Recommended Reading: Why is DVC Better Than Git and Git-LFS in Machine Learning Reproducibility
Among one of the Git extensions mentioned above, DVC or Data Version Control is one of the most efficient and popular choices among data version control tools. DVC as a data version tracker acts as a good add-on to Git, which solely manages code versions. It has the ability to integrate with any type of storage and streamlines data files and binary models into a single Git environment. DVC can also track metrics and failed iterations. It can be automated through DAGs that connect every module in the ML pipeline. DVC offers extensive documentation, which serves as great user support.
Recommended Reading: DVC vs MLflow
Pachyderm is a version control tool with both open source and enterprise editions. It offers a range of features for data version control, pipeline management, and governance. Some such features include enabling support for a range of file types, centralized commits, continuous updates in the master branch, and maintaining a history of updates from contributors for reproducing results.
- Sandbox environments
A sandbox environment is an isolated environment that enables updates and experiments outside the production environment. One such sandbox-type environment is Jupyter which allows code to be separated and logs details such as time and results in a visually appealing way. However, even though Jupyter notebooks can version code initially in the experiment, it is not good for long experiment runs or projects with multiple experiments since they cannot track minute changes, and the version histories could get easily overwritten.

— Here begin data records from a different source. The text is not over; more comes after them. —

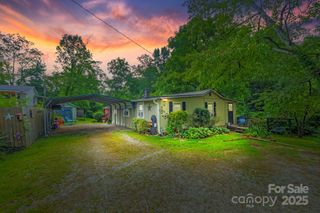 110 N Bear Creek Road, Asheville, NC 28806
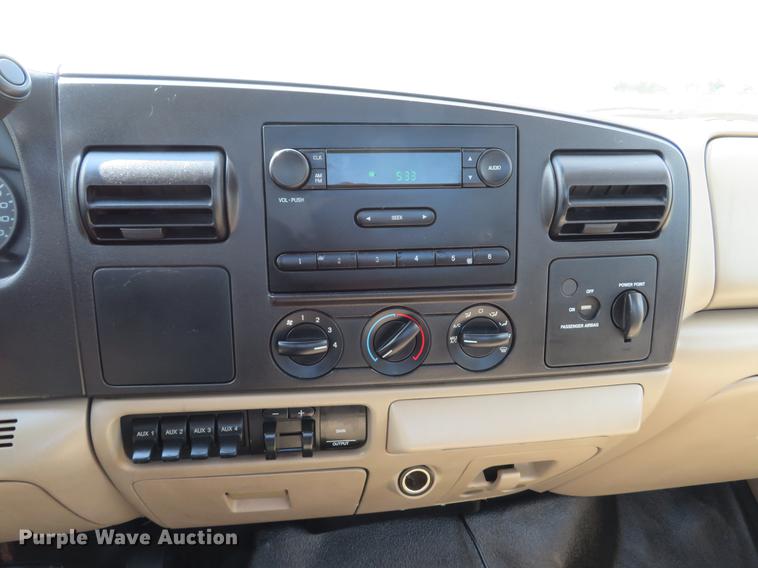 image for item DE8067 2006 Ford F550 Super Duty XL utility truck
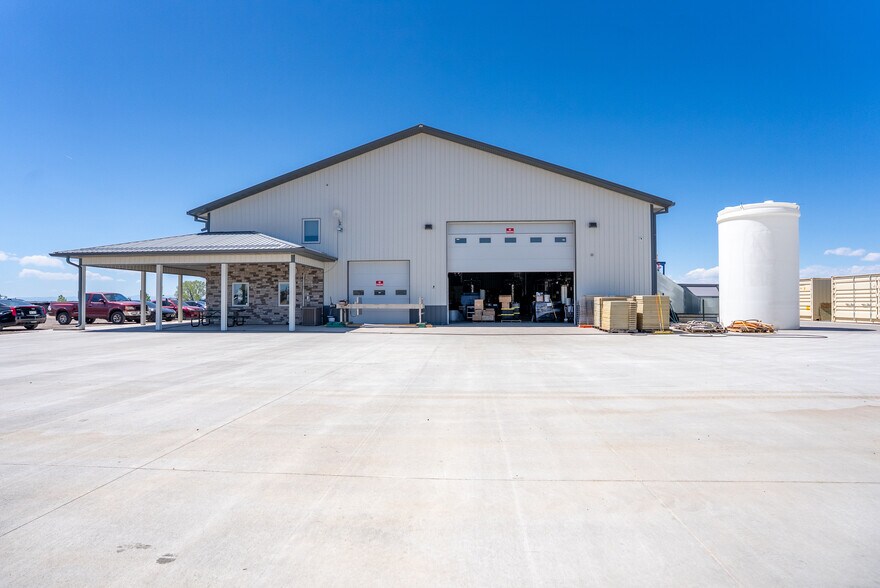 More Photos Of 21323 I 76 Frontage Rd, Hudson Warehouse For Lease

lakeFS is an open-source version control tool similar to Git in terms of committing and isolated branching features. However, it comes with the added ability to utilize storage extensions such as S3 and GCS to scale to Petabytes of data. lakeFS offers isolated environments to analyze and experiment with data segments while the rest of the data is unaffected. Additionally, it supports continuous integration and continuous deployment of data to optimize data pipelines and bring high fault tolerance.
The importance of version control in machine learning cannot be denied. The industry has come a long way compared to a few years ago when model and data versioning were foreign concepts to corporate teams who were just beginning to dabble with ML projects. On the other hand, the academic sphere has been much more vigilant on versioning since they have experimented with ML for decades. Versioning not only helps to retain best performing results but also stabilizes failures by fault-proofing through rollback options. Moreover, due to the detailed audits of edit history, compliance and governance tasks also benefit.
Versioning as a task is not complex and can be managed with minimal resources. However, the challenge arrives when the data volume and quantity of models go way above the manageable limit. This is when the simple task of logging history and versioning faces the risk of getting distorted due to multiple collaborators, experiments, and solutions. This ends up costing more resources than initially estimated. This is where regular and enterprise-quality tools come in to simply plug in with your ML projects to take care of version control with optimized resources.